Human relationships are made possible by mutual understanding, respect and care. Often times, where misunderstanding arises due to what ever reason and is not well managed, could lead to serious strain in a relationship.
Also there are mistakes, deliberate acts and negligence that can lead to one offending others. These are called offences and for a relationship to mend or go smoothly at least, there is a need for the parties involved to initiate the reconciliation process whose endpoint is forgiveness and amends where necessary.
Today, we would be talking about forgiveness, factors that impedes forgiveness in relationships and what we can do to Foster forgiveness.
The forgiveness process usually involves the two parties involved I.e the offender and the offended. Its easier when the two parties are willing to communicate, understand and are willing to take initiative towards making amends.
However, and in most cases, you may not need the other party(the offender) to initiate the forgiveness process after all, forgiveness is not necessarily something you do to someone or for someone as opposed to revenge, it is something you do for yourself and to yourself(should you not forgive). The following quotes puts it more succinctly:
“To forgive is to set a prisoner free and discover that the prisoner was you. “
Lewis B. Smedes.
“Forgiveness is a gift you give to yourself…”
Suzane Thomas
“Forgive others not because they deserve it, but because you deserve peace…”
Jonathan Lockwood Huie
I think revenge and forgiveness are two ends of a spectrum and its inversely proportion to strength of character I.e, the need to revenge increases with a decreased strength of character and the need to forgive increases with an increase in strength of character…. Do you agree or disagree?
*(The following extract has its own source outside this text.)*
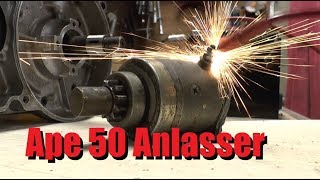 Piaggio Ape 50 Anlasser reparieren  Die Apeschrauber [upl. by Hebert]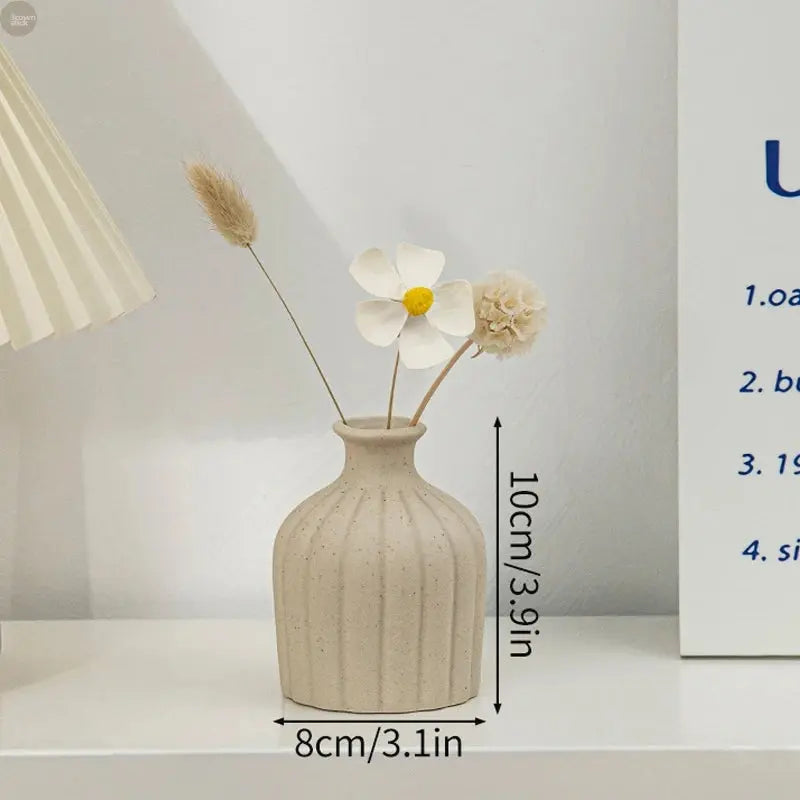 Ceramic Flower Vase for Retro Table Decor, Dried Flower Arrangements, Home Wedding Gifts, Aesthetic Desktop Ornament Brownstick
Let’s hear your reasons.
There has been lots of research in this area of human relations in psychology that shows that the feeling of revenge and resentment causes so much problem for the one who feels it (the one that needs to forgive).
For this reason, forgiveness is generally defined in the psychology clime as ‘ voluntarily and consciously deciding to let go of resentment or the inclination to revenge a wrong done to you whether the party(ies) deserves forgiveness or not.
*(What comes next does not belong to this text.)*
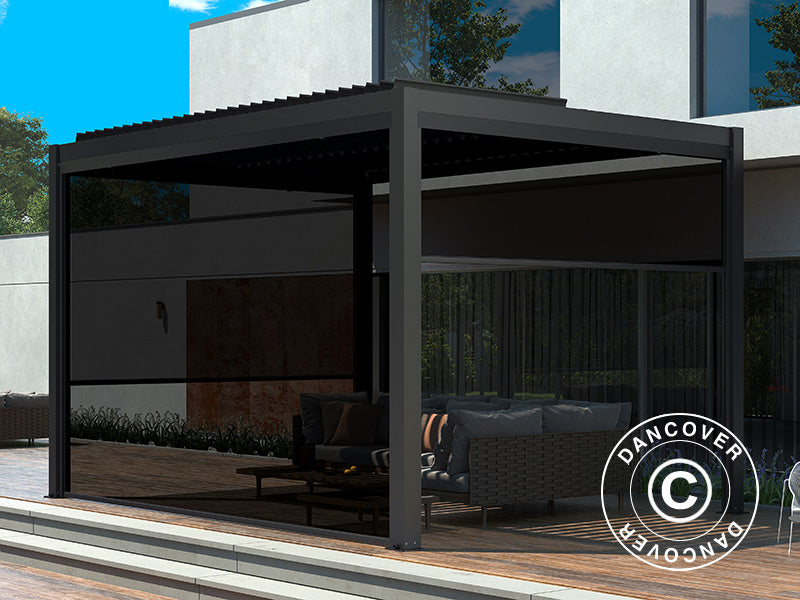 Electric sidewall screen for pergola gazebo San Pablo, 3 m, Black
According to psychologists, unforginess leads to elevated stress level, depression, anger, anxiety and pessimism.
Having said all these, it will be unrealistic to suggest that its an easy to do thing, because it isn’t.
Forgiveness isn’t easy at all. As a matter of fact, being humans who are an emotional and social being , we are more inclined towards vengance than forgiveness.. That’s why its a matter of strength of character.
There are factors that could forestall forgiveness, and we try to list some of them below:
As primates, we have evolved to relate threat to self preservation and wellbeing to whatever causes hurt. Whether it’s physical hurt, or emotional hurt and that is registered in our memory as a no go area or we learn to avoid coming in contact with such situations as can cause us hurts.

Sometimes we just want to stay away from it, most times, we want to fight back, because that’s how we are built. Fight or flight.
If we just cannot flee and ignore, we scheme on how to return the hurt as our way of fighting and that is what unforgiveness is “feeling of resentment and vengeance”.